The Steel and Engineering Industries Federation of Southern Africa (Seifsa) said on Tuesday that South Africa’s employment statistics showed signs of a “deeply troubled economy” and was a serious cause for concern.
This comes after Statistics South Africa released its Quarterly Employment Statistics showing that employment decreased by 31 000 quarter-on-quarter, from 9.62-million in June 2017 to 9.59-million in September.
This means that 31 000 jobs in total were lost between the second quarter and the third quarter of 2017, amounting to a 0.3% decrease. StatsSA said this was largely due to decreases in the community services, manufacturing, mining, electricity, trade, and business services.
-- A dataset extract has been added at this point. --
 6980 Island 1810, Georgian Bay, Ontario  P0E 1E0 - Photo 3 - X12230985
Seifsa chief economist, Michael Ade, said the StatsSA data showed that the manufacturing sector, of which the metals and engineering sector is part, lost 0.4% of total employment, or at least 5 000 jobs in the third quarter of 2017.
Ade said that the data confirmed a direct negative correlation between employment numbers and manufacturing production, as companies chose to utilize existing excess capacity and more capital in productive processes.
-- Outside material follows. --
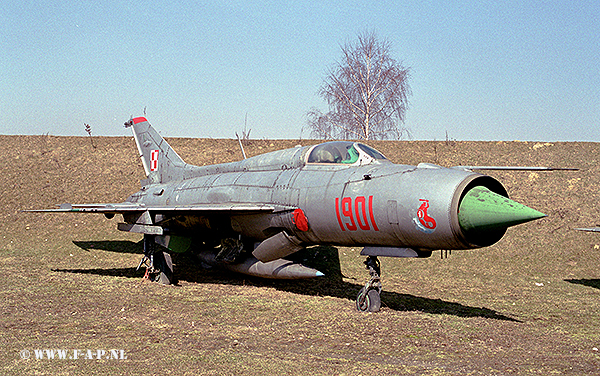 MiG 21 PF  Fishbed.D   1901 c/n-761901     Krakw-Rakowice-Czyzyny   15-10-2007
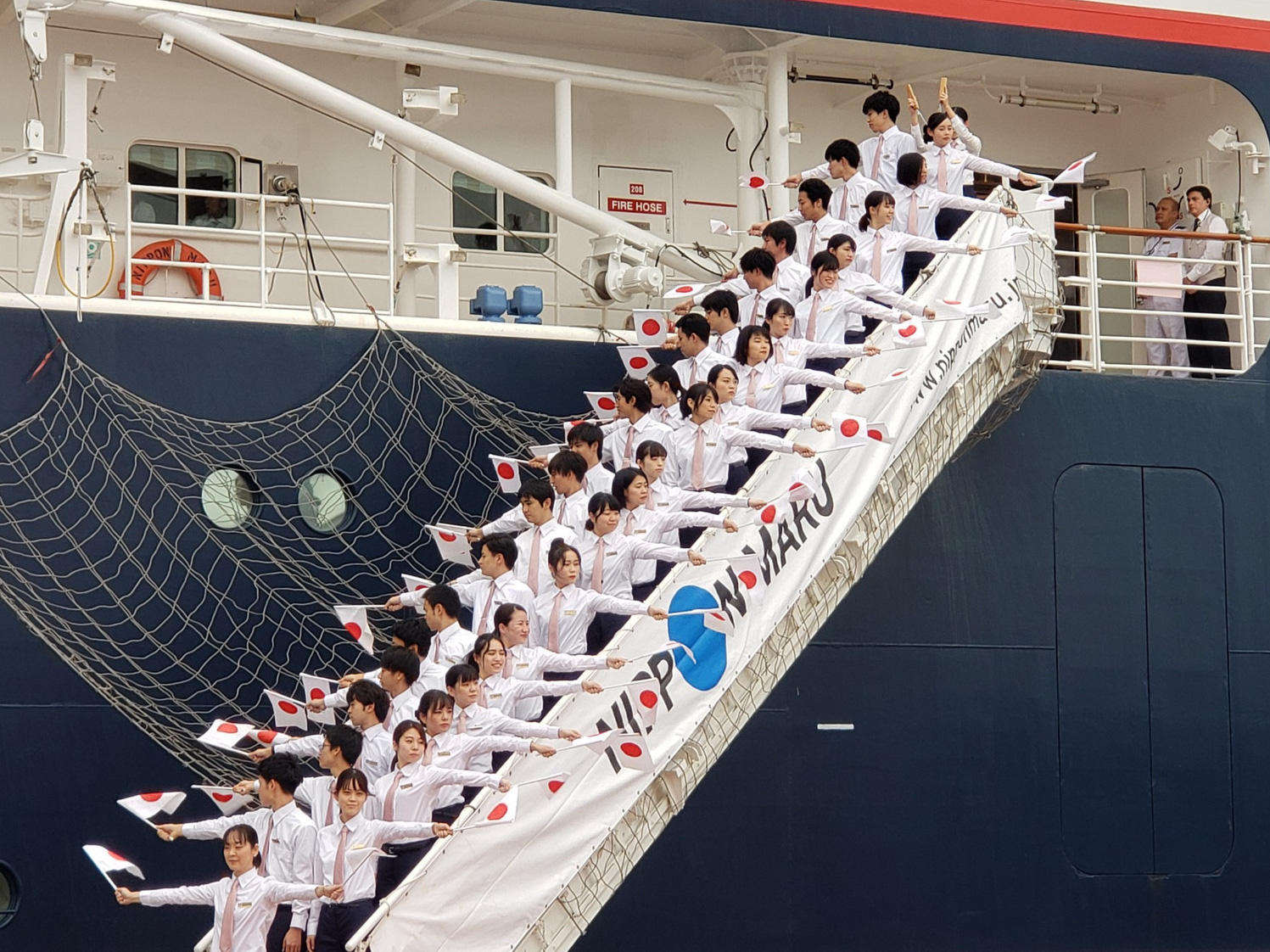 T&agrave;u SSEAYP chở thanh ni&ecirc;n ti&ecirc;u biểu đến TP HCM - Ảnh 3.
He attributed the decreased employment in the manufacturing sector largely to volatile output and structural challenges inhibiting industries from benefiting from improving global demand and employing more labour. He said this was compounded by both frictional and seasonal unemployment dynamics.
“Of specific concern is that, despite the positive contribution made by the manufacturing sector towards an improvement in real GDP growth, which contributed 4.3% in quarter three of 2017, the benefits did not translate to an increase in employment,” Ade said.
“These are worrying numbers, given the existing trade-off between employment and economic growth. This highlights the need for multiple approaches to the unemployment problems facing South Africa. Employment levels are generally supposed to increase or decrease on the back of higher or lower economic activity, and the current employment numbers do not paint an encouraging picture,” said Ade.
Ade said that the decrease in employment for this period highlights subdued domestic demand conditions and structural challenges faced by most industrial sectors.
He said that the country desperately needed positive business sentiment, better consumer and business confidence as well as improved investor confidence to trigger new investments to create jobs in manufacturing and across all industrial sectors in the new year.
Seifsa is a national federation representing 23 independent employer associations in the metals and engineering industries.